After multiple meetings with the B.C. goverment, five Greater Victoria agencies have been told they’ll get the money they were promised to provide services to the area’s aborginal community.
For Parisien, executive director of the Victoria Native Friendship Centre, that meant immediately hiring four new staff. Two will spend their days in one-on-one couselling with urban aboriginal youth in Greater Victoria. The other two will focus on combating family violence within the local aboriginal community. That sigh of relief, though, has been a long time coming.
In November, a story in the News highlighted the plight of five organizations demanding the province make good on promises of more funding.
For the Victoria Native Friendship Centre, the decision by the Ministry of Children and Family Development to deliver the extra cash means a five-year contract that provides $2 million per year.
The new contracts are part of a ministry initiative to make programs as effective as possible, MCFD public affairs officer Darren Harbord said.

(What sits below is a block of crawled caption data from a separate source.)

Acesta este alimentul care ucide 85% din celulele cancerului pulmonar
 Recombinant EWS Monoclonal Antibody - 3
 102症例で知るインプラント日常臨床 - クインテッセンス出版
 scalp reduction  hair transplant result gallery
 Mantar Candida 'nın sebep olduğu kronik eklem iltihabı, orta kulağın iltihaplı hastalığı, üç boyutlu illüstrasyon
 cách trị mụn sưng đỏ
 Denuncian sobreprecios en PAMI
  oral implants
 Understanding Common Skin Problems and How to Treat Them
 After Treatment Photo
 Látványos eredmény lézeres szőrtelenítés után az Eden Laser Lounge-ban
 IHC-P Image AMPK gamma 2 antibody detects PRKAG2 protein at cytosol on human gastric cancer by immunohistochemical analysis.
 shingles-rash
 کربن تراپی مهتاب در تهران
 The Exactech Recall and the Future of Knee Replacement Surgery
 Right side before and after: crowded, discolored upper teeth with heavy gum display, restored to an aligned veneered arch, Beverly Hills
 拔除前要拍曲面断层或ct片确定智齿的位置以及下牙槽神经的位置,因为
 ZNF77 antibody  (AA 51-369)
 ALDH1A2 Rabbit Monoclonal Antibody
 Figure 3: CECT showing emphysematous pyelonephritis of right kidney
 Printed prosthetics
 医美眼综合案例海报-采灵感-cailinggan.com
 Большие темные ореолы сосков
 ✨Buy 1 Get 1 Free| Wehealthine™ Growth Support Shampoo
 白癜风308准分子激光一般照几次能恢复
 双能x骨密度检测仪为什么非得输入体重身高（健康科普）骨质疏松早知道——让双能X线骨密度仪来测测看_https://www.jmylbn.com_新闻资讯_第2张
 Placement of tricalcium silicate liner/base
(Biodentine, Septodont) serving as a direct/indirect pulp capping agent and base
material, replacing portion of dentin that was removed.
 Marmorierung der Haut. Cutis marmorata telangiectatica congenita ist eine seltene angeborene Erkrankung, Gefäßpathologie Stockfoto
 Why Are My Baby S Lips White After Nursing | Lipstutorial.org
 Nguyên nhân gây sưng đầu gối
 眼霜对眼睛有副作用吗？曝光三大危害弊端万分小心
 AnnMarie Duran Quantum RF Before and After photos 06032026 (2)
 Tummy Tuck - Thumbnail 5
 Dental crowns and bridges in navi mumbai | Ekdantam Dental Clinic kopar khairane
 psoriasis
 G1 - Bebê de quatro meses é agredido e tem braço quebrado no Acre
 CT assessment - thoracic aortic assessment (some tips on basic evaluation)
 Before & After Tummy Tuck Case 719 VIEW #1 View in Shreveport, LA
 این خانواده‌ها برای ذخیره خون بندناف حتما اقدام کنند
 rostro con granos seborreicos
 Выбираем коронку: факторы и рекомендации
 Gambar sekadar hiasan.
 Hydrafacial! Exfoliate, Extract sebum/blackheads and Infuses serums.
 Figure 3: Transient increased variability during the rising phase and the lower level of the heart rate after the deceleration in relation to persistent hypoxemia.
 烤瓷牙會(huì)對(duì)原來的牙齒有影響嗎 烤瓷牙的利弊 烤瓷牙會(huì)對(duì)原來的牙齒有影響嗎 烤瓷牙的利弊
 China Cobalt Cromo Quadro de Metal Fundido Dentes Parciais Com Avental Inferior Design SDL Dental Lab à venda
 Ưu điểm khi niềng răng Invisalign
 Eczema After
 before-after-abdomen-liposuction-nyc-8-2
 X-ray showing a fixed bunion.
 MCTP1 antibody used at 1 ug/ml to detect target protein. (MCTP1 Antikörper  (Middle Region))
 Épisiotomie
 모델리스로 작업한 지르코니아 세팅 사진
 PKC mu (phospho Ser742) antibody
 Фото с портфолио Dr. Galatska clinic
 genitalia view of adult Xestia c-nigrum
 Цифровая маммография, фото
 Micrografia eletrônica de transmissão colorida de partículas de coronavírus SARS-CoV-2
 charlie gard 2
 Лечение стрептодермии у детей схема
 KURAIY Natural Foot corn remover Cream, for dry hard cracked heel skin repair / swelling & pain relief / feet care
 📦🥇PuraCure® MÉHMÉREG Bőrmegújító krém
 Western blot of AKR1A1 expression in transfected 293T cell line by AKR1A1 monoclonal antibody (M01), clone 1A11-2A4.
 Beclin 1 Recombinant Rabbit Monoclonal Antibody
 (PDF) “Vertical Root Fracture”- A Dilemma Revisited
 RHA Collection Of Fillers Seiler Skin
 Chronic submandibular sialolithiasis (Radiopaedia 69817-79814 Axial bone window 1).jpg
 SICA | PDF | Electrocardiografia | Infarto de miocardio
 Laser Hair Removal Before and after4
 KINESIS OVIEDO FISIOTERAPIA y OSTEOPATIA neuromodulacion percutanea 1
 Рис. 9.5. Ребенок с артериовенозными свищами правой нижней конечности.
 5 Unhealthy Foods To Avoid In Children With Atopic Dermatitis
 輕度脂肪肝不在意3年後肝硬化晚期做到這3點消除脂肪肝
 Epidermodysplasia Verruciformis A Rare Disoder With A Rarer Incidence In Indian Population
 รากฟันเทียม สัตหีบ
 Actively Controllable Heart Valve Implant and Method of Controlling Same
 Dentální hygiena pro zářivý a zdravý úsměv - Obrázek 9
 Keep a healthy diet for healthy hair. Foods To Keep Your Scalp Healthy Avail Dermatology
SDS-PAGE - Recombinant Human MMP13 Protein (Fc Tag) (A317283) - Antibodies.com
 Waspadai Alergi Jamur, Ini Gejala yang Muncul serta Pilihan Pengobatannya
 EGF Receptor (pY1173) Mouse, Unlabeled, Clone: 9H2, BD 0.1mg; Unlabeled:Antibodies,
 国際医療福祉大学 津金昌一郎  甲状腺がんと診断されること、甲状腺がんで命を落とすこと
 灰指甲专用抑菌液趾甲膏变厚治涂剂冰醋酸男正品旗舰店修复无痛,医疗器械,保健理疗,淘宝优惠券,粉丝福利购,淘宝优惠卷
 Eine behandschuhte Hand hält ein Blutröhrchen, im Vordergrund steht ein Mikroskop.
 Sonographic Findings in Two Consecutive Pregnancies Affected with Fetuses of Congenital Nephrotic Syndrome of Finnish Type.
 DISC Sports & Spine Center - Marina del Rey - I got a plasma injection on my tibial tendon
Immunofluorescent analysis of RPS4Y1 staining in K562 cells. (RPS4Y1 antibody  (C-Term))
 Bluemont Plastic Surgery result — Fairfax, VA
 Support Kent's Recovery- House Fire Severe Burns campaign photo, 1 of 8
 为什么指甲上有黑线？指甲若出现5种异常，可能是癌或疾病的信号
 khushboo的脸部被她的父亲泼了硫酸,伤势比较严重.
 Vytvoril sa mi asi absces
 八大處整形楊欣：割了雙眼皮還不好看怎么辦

“We have been working closely with all the aboriginal service providers to define a service model – one that is sustainable and will provide important services for children and families who needed them, which includes expanded aboriginal services,” he wrote in an e-mail to the News. “This new model will help strengthen aboriginal services – a key priority for the ministry – by putting funding and responsibility for aboriginal services in the hands of aboriginal people.”
The length of the contract is, in itself, a positive for the Native Friendship Centre.
“This is a first for us,” Parisien said of the five-year commitment. “It lends stability to our programs.”
The money will help tackle issues faced by the growing number of aboriginal youth in Victoria. “Like they say, if you build it, they will come and we’ve seen a marginal – maybe more than marginal – increase in youth using our services.”
Over at Hulitan Family Services, executive director Kendra Gage said increased funding does little when the need is ballooning. Hulitan’s contract is for $1 million per year for five years – an overall increase of $511,000.
But “we’re actually in a worse position now than we were in two years ago,” she said, explaining that 15 families with children in ministry care are on Hulitan’s wait list to get help. The three staff designated to the cases can’t help because they’re already overwhelmed by work, Gage said. “Am I glad we got our contract? Yeah, but it’s kind of bittersweet.”